HNW, sapaan akrabnya, juga sependapat bahwa pendekatan dialog dan diplomasi harus dikedepankan oleh masing-masing negara yang semuanya masih menjadi anggota PBB, karena demikianlah ketentuan dalam Deklarasi Piagam PBB pasal 2 (4). Dengan tetap menghormati hukum Internasional dan Konvensi PBB.
“Segala bentuk perang harusnya segera dihentikan, karena menjauhkan perdamaian (peace), hanya melahirkan korban, tragedi kemanusiaan, distabilitas dan merugikan masing-masing pihak, dan merusak tatanan/hukum internasional yang diakui PBB,” ujarnya.
Apalagi, lanjut HNW, akibat serangan Israel dan AS ke Iran, direspons oleh Iran bukan hanya dengan menyerang balik ke Israel, tapi juga ke sejumlah pangkalan militer AS di sejumlah negara tetangganya, seperti di Kuwait, Bahrain, Uni Emirat Arab, Yordania, Qatar, bahkan hingga Arab Saudi.
“Hal ini berpotensi memperlebar konflik, karena masing-masing negara itu merasa dilanggar kedaulatannya, serta warga sipil dari negara-negara tersebut juga berpotensi jadi korban dan ikut terkena imbas dari serangan balik tersebut.

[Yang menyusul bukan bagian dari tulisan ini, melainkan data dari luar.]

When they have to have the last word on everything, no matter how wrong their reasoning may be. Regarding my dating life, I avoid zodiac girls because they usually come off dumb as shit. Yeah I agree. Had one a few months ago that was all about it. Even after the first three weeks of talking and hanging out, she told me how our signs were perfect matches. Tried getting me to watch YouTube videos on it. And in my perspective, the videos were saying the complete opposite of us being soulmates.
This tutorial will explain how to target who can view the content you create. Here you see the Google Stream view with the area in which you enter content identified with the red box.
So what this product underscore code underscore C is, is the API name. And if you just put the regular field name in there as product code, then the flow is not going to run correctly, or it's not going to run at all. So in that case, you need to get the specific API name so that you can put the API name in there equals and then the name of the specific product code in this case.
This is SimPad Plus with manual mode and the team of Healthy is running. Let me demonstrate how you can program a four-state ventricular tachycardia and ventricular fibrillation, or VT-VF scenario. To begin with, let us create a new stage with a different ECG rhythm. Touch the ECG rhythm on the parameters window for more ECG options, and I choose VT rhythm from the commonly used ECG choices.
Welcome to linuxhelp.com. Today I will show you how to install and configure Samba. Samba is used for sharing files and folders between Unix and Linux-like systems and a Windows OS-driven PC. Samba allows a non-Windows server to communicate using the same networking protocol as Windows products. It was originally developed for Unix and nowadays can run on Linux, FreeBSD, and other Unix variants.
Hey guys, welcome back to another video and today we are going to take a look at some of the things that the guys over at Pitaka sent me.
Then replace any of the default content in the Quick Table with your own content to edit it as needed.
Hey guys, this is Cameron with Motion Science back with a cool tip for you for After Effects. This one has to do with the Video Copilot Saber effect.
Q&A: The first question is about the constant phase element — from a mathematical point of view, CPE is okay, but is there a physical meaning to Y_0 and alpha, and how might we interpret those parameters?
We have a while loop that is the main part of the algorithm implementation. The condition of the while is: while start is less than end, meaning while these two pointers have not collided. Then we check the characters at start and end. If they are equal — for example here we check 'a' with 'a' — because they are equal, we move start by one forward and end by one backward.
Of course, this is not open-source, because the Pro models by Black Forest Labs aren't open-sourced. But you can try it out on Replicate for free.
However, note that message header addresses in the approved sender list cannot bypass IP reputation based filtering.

Dan yang dirugikan dari itu semua sesama negara Muslim, yang juga potensial menjadi korban dari proyek ekspansionisme Israel Raya,” tukasnya.
HNW menambahkan agar makin dapat melaksanakan ketentuan Konstitusi terkait keikutsertaan menghadirkan perdamaian dunia, Presiden Prabowo juga penting menggandeng lembaga PBB yang melalui Sekretaris Jenderal sudah menyampaikan sikap penolakannya atas perang itu dengan segala eskalasinya, juga memaksimalkan forum Organisasi Kerjasama Islam (OKI) untuk menghadirkan perdamaian di sesama negara-negara anggotanya.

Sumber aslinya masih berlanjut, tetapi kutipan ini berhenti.